DIRECTIONS
Would you write out, word for word, each line of the records below from the top through the one holding "Kimetsu Inosuke Hoodie"?
---
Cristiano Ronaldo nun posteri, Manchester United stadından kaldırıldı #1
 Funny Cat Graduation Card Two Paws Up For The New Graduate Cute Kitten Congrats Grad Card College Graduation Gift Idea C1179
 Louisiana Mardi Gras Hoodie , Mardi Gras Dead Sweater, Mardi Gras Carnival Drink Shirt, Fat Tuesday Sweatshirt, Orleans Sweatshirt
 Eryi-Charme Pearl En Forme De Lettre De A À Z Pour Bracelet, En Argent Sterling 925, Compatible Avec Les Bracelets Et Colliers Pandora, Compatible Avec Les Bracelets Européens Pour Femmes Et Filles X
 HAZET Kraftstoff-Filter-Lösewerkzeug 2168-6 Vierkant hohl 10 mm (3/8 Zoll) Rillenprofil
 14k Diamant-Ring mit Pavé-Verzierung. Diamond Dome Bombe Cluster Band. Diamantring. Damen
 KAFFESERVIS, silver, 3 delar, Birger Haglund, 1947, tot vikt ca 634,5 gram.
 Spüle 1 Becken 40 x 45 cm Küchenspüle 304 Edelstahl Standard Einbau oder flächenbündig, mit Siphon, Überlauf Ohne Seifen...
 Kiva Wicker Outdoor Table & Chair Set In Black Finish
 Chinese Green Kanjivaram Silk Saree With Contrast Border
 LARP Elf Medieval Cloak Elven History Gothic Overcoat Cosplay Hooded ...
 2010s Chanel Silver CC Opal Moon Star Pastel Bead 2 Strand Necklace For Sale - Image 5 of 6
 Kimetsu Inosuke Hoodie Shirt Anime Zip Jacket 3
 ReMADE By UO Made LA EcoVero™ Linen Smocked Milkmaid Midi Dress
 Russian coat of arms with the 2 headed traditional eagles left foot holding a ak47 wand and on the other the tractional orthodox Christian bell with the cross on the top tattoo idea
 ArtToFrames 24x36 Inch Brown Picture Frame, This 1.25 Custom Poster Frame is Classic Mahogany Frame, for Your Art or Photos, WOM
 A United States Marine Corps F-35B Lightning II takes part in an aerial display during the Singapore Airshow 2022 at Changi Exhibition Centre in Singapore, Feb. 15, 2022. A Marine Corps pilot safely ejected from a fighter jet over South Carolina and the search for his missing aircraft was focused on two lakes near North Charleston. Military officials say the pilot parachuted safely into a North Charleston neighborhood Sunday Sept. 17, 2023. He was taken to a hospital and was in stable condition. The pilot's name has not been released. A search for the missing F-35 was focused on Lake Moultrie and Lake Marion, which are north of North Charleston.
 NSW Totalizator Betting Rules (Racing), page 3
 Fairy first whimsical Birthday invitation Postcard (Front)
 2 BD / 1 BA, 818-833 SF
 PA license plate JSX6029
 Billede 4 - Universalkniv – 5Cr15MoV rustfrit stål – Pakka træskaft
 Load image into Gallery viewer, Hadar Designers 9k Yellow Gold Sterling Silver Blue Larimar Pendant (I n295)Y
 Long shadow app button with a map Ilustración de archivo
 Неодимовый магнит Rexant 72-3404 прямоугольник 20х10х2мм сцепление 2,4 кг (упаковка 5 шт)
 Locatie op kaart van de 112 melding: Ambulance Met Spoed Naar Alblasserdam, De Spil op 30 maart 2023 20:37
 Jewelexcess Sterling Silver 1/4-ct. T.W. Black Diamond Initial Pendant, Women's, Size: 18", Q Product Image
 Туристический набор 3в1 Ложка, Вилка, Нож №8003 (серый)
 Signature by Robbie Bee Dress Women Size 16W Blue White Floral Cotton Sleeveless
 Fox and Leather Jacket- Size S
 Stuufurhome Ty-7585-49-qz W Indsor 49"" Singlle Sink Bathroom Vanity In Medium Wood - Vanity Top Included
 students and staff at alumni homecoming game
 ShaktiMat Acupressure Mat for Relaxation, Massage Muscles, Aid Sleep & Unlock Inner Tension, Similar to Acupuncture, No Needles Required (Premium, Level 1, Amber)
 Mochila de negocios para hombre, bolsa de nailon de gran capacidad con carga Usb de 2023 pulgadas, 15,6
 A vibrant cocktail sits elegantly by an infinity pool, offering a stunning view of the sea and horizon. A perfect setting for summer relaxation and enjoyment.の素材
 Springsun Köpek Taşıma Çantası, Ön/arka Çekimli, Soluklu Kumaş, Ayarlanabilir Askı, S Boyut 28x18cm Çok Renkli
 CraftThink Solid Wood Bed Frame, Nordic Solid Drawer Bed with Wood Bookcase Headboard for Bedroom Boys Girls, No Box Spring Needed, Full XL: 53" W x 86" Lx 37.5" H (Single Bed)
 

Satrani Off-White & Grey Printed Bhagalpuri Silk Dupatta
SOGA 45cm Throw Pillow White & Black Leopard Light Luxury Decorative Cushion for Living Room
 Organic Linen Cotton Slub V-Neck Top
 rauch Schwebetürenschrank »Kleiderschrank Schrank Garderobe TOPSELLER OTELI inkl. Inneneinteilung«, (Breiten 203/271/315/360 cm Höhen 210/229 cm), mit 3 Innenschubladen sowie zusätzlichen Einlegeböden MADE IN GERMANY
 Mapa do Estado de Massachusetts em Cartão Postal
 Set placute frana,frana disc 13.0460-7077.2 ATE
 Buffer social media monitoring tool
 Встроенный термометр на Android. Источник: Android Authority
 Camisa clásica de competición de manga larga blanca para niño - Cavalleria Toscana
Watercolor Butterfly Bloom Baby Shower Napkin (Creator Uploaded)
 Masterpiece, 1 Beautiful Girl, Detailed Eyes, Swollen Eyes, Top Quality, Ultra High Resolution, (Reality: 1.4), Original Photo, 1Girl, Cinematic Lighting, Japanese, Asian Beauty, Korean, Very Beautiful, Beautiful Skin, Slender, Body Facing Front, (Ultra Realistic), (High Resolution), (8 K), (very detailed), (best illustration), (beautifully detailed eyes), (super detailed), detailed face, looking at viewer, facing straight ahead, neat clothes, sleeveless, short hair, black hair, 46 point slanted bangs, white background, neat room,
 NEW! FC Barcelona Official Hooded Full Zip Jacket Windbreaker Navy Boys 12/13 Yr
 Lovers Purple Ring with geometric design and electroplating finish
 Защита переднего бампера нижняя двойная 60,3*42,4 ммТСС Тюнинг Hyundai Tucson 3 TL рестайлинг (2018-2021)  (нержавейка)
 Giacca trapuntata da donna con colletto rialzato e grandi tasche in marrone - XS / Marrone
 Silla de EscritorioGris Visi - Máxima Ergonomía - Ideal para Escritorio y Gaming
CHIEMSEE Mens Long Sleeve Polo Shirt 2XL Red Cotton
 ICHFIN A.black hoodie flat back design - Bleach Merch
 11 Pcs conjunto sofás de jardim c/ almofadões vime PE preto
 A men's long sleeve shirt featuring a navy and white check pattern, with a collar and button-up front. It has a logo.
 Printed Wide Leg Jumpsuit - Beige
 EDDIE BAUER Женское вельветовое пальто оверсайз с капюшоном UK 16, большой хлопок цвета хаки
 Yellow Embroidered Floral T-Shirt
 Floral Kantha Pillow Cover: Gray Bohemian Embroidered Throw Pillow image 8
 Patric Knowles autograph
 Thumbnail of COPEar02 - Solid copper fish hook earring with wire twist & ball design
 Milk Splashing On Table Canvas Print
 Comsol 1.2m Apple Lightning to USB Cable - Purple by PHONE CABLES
---
REPLY
Cristiano Ronaldo nun posteri, Manchester United stadından kaldırıldı #1
 Funny Cat Graduation Card Two Paws Up For The New Graduate Cute Kitten Congrats Grad Card College Graduation Gift Idea C1179
 Louisiana Mardi Gras Hoodie , Mardi Gras Dead Sweater, Mardi Gras Carnival Drink Shirt, Fat Tuesday Sweatshirt, Orleans Sweatshirt
 Eryi-Charme Pearl En Forme De Lettre De A À Z Pour Bracelet, En Argent Sterling 925, Compatible Avec Les Bracelets Et Colliers Pandora, Compatible Avec Les Bracelets Européens Pour Femmes Et Filles X
 HAZET Kraftstoff-Filter-Lösewerkzeug 2168-6 Vierkant hohl 10 mm (3/8 Zoll) Rillenprofil
 14k Diamant-Ring mit Pavé-Verzierung. Diamond Dome Bombe Cluster Band. Diamantring. Damen
 KAFFESERVIS, silver, 3 delar, Birger Haglund, 1947, tot vikt ca 634,5 gram.
 Spüle 1 Becken 40 x 45 cm Küchenspüle 304 Edelstahl Standard Einbau oder flächenbündig, mit Siphon, Überlauf Ohne Seifen...
 Kiva Wicker Outdoor Table & Chair Set In Black Finish
 Chinese Green Kanjivaram Silk Saree With Contrast Border
 LARP Elf Medieval Cloak Elven History Gothic Overcoat Cosplay Hooded ...
 2010s Chanel Silver CC Opal Moon Star Pastel Bead 2 Strand Necklace For Sale - Image 5 of 6
 Kimetsu Inosuke Hoodie Shirt Anime Zip Jacket 3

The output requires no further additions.